A poche ore dalla vittoria sul Parma, resta forte la sensazione che senza il gesto sconsiderato di Suzuki, difficilmente il Napoli avrebbe ribaltato la partita. L’uscita da kamikaze del portiere giapponese ha lasciato in dieci i gialloblù, che fino a quel momento sembravano poter assorbire le sfuriate degli azzurri con discreto successo. Una considerazione che trova forza soprattutto nel primo tempo degli uomini di Pecchia, capaci di incartare i padroni di casa con una proposta di gioco assai ambiziosa. Un calcio ragionato eppure intensissimo, dove hanno fatto decisamente la differenza l’abilità di attivare le connessioni nello stretto. E immediatamente dopo imbucare alle spalle delle linee di pressione con improvvise verticalizzazioni.

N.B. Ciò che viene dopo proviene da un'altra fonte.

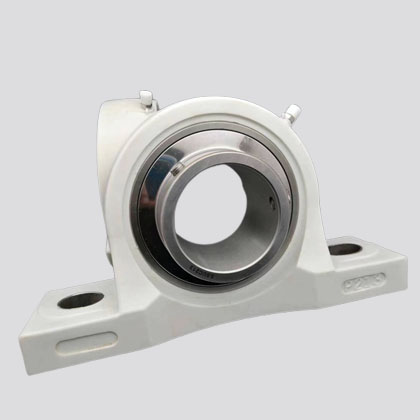 EC200 Plastic Pillow Block Bearing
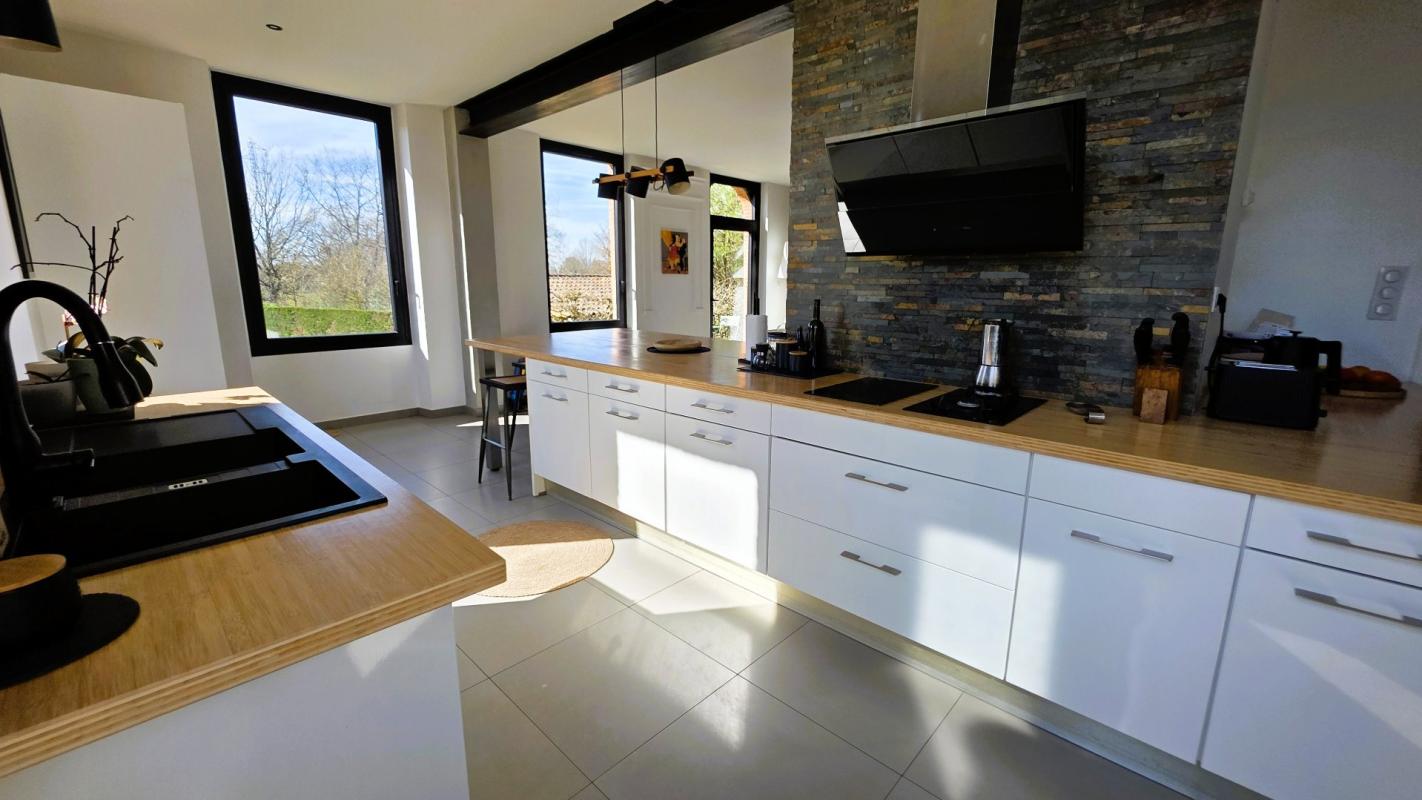 5 bedroom maison de maitre in Montauban, Tarn-et-Garonne, France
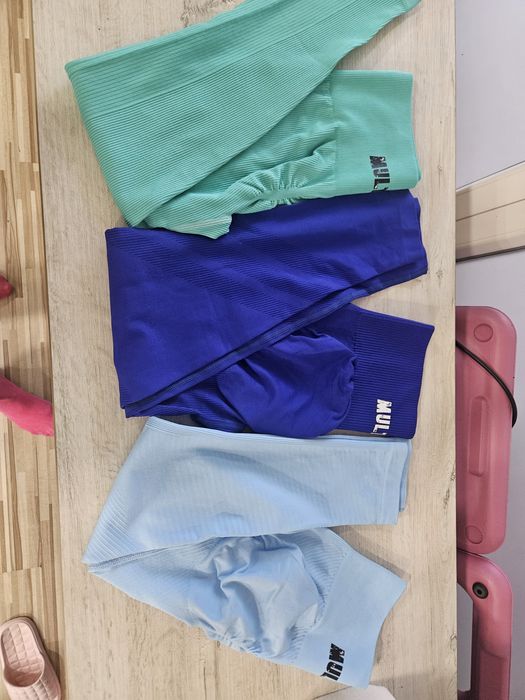 Клин рипс нов, различни размери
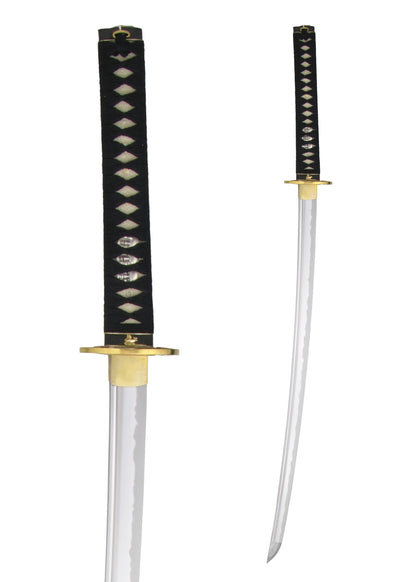 Katana Paper crane Tamahagane - Hanwei-T.A DEFENSE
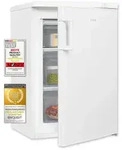 Exquisit Gefrierschrank GS81-H-010E weiss | Nutzinhalt: 85 L |...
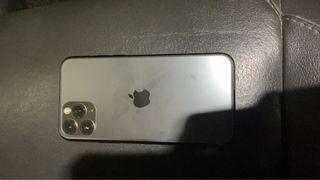 Iphone 11 pro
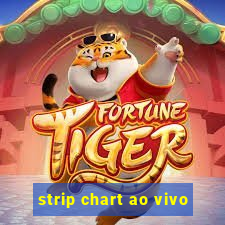 strip chart ao vivo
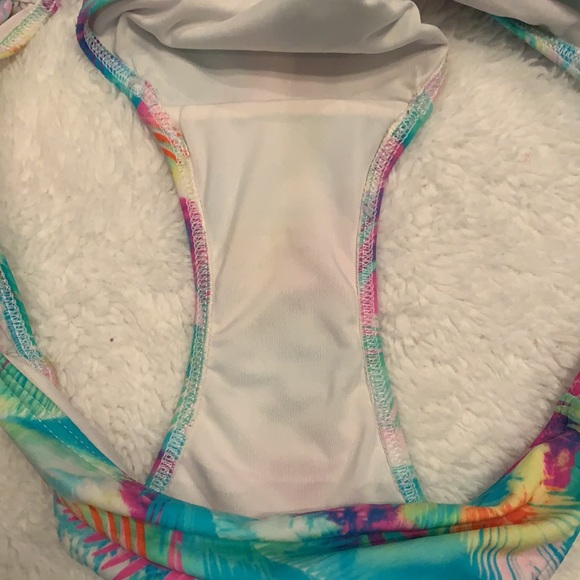 **Rare Find**Pink by Victoria Secret bikini set - Picture 15 of 15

Appare evidente che il centrocampo di Conte sia andato subito in difficoltà al cospetto del palleggio ducale. Complicatissimo, infatti, dover gestire gli scambi sul breve, in grado di garantire costantemente vantaggio numerico nella zona di centro-destra, tra Bernabè, Kovalski nel ruolo del raccordo tra le linee, e Man. Lo stesso dicasi sul versante opposto, quando si associavano tra loro Sohm, Mihaila e il trequartista polacco. In virtù del classico movimento palla avanti-indietro-dentro, gli emiliani mettevano in mezzo Lobotka e Anguissa. Costretti a uscire dalla comfort zone a caccia del pallone. Ma saltati facilmente grazie a ritmo ipercinetico, e buonissime qualità tecniche palesate dagli avversari. Che costringevano poi i due mediani azzurri a faticosissime corse all’indietro per recuperare la posizione.

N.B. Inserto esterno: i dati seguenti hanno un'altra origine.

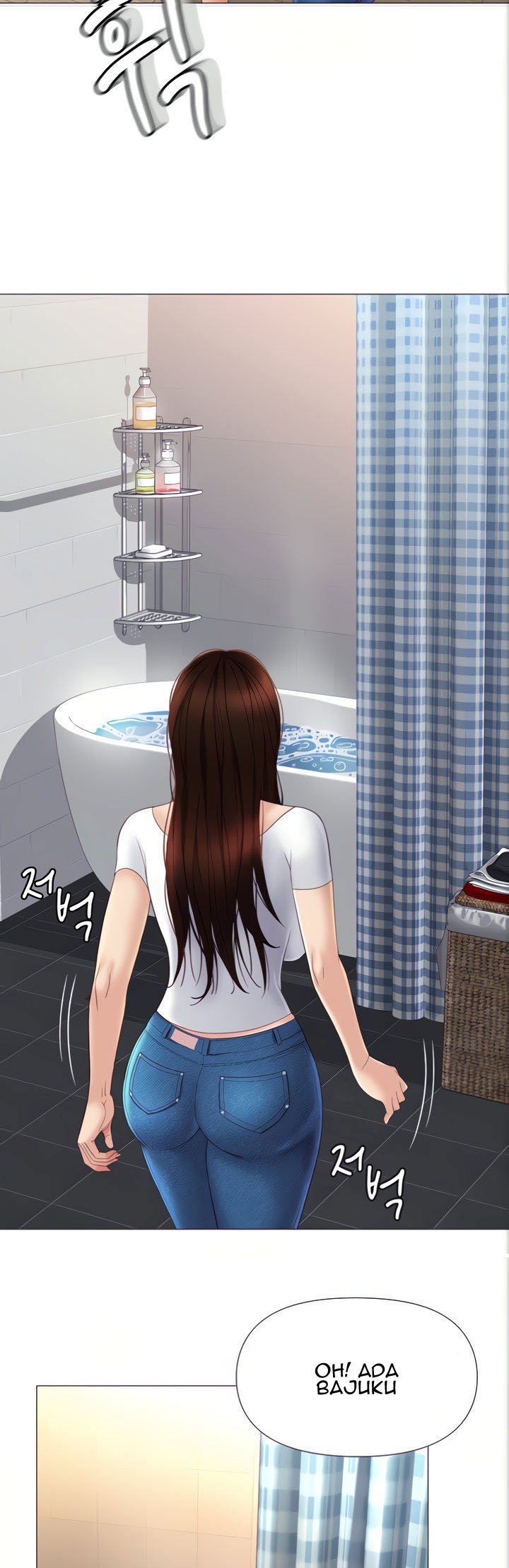 Daughter Friend - Chapter 8 54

In sottonumero a centrocampo

Una situazione resa ancora più complicata da decodificare, perché il calcio espresso dal Parma non era affatto sterile o monotematico. Anzi, l’Avvocatino variava con grande sagacia tattica il piano gara. Sfruttando anche la fisicità di Bonny, stimolava il lancio a esplorare la profondità, che attivava l’attaccante francese, mai avulso dal fare a sportellate o contendere le “seconde palle” a Buongiorno e Rrahmani. E se il Napoli era messo bene in campo, con le giuste distanze, allora era l’atletismo di Coulibaly – dirottato a sinistra dopo l’uscita di Valeri – a spostare l’asse della manovra. Sostanzialmente, il Parma forzava il possesso sul lato forte. Addensava lì giocatori che toccavano spesso il pallone, con Bonny che viene incontro a fare da sponda, appoggiandosi su Man. Quindi, il rumeno ribaltando interamente il fronte d’attacco, e attivava il lato debole. Favorendo la risalita del campo attraverso il cambio di gioco. 

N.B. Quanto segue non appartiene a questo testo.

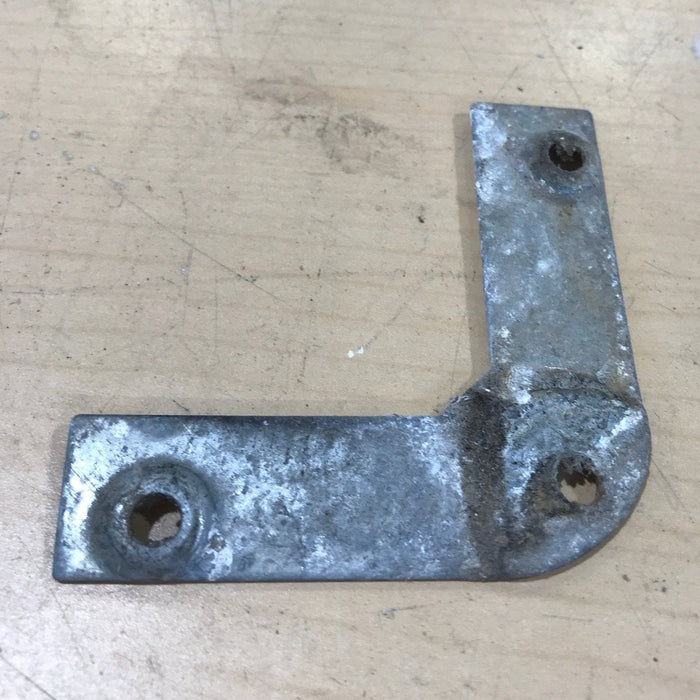 Used Atwood Water Heater Corner Bracket, Single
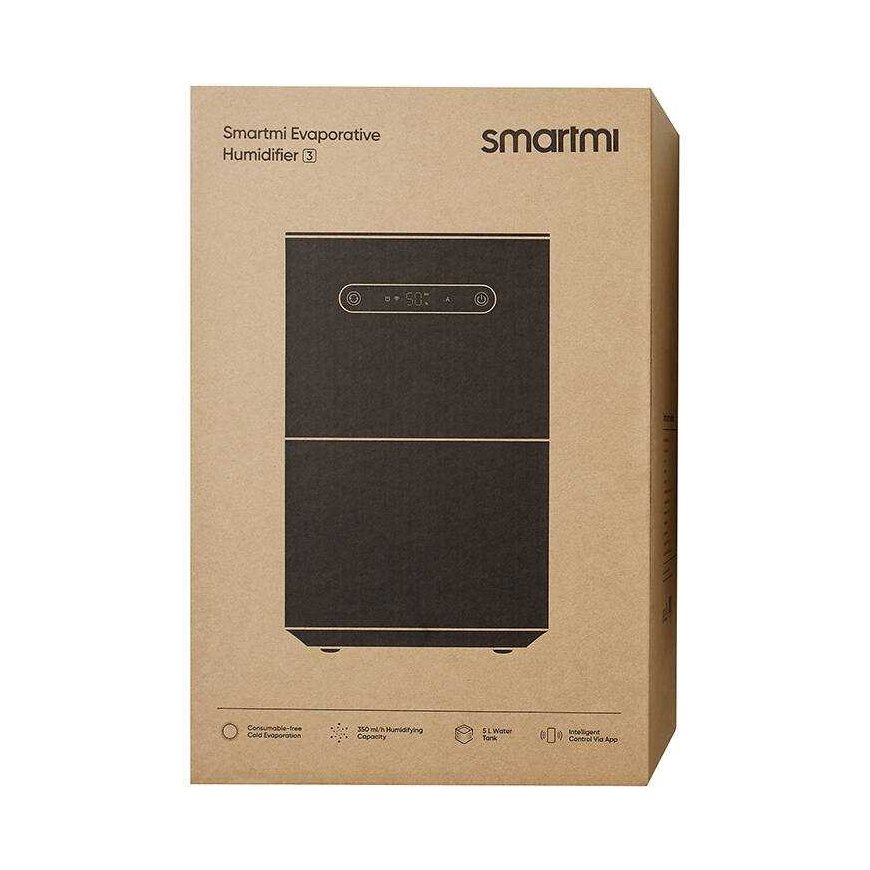 Humidifier Xiaomi Smartmi Evaporative Humidifier 3 – 4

A proposito di esterni. Ieri sera il Napoli ha sofferto non poco il rendimento insufficiente di Politano e Mazzocchi. De facto inadatti a bilanciare gli inserimenti di Mihaila e Coulibaly: troppo lo spazio concesso, si creava una voragine tra il laterale a tutta fascia che saliva per contrapporsi al terzino gialloblù, e la “terra di nessuno” alle sue spalle. Dove si buttava puntualmente Mihaila, mai assorbito da Politano, perennemente in ritardo nella fase di copertura.  

Lo stesso problema l’ha avuto Olivera con Man. L’uruguagio difetta nella marcatura diretta, e nelle preventive appare veramente disastroso. Pecche che ne hanno messo a nudo il modo approssimativo di contenere un’ala elettrica che sa interpretare il ruolo pure come una seconda punta. Dunque, con un maggior ventaglio di giocate in termini di sfumature prettamente offensive, tipo smarcarsi senza palla, per ricevere e poi superare l’uomo rientrando sul sinistro.

Il bello viene adesso

Insomma, fino all’espulsione, il Parma ha dato l’impressione di essere davvero una realtà ben organizzata. In grado di far male non soltanto con rapide ripartenze. Merito del Napoli aver ripreso per i capelli un match che sembrava indirizzato su ben altri binari. Il gruppo che sta cercando di costruire Conte ha mostrato sì dei limiti di natura strutturale. Ma anche di saper soffrire e disfare un trend negativo, che magari l’anno scorso avrebbe fatto soccombere desolatamente la squadra. Al contrario, la rimonta certifica che gli azzurri hanno potenzialmente in mano le carte per costruirsi una stagione ambiziosa.